# cp.text

This module provides support for loading, manipulating, and comparing unicode text data. It works by storing characters with their Unicode 'codepointvalue. In practice, this means that every character is a 64-bit integer, so atextvalue will use substantially more memory than the equivalent encodedstring` value.

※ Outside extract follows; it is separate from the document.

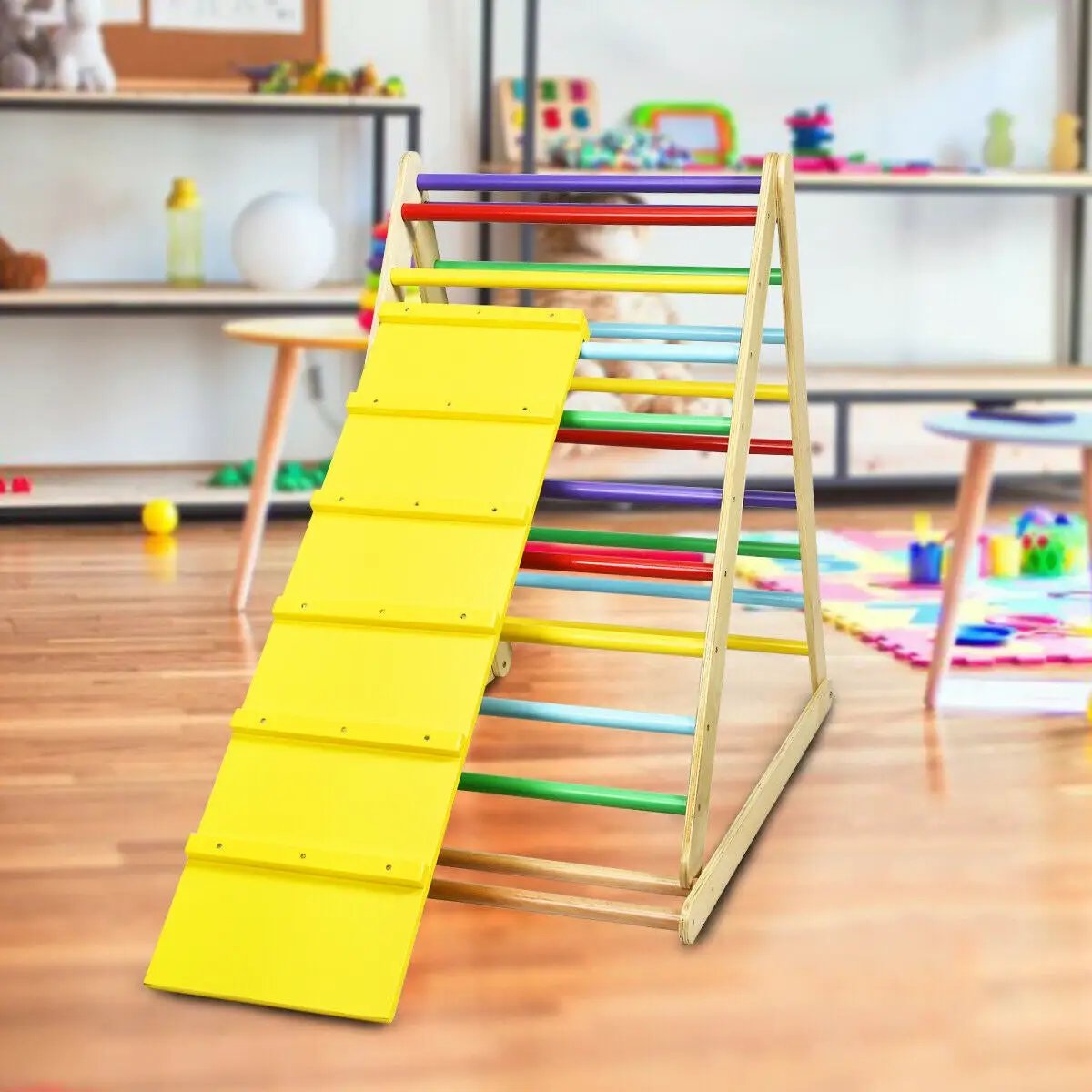 Foldable Wooden Climbing Triangle Indoor by DirectDeals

The advantages of text over string representations for Unicode are:

  • comparisons, equality checks, etc. actually work for Unicode text and are not encoding-dependent.
  • direct access to codepoint values.

The advantages of string representations for Unicode are:

  • compactness.
  • reading/writing to files via the standard io library.

# Strings and Unicode

LUA has limited built-in support for Unicode text. string values are "8-bit clean", which means it is an array of 8-bit characters. This is also how binary data from files is usually loaded, as 8-bit 'bytes'. Unicode characters can be up to 32-bits, so there are several standard ways to represent Unicode characters using 8-bit characters. Without going into detail, the most common encodings are called 'UTF-8' and 'UTF-16'. There are two variations of 'UTF-16', depending on the hardware architecture, known as 'big-endian' and 'little-endian'.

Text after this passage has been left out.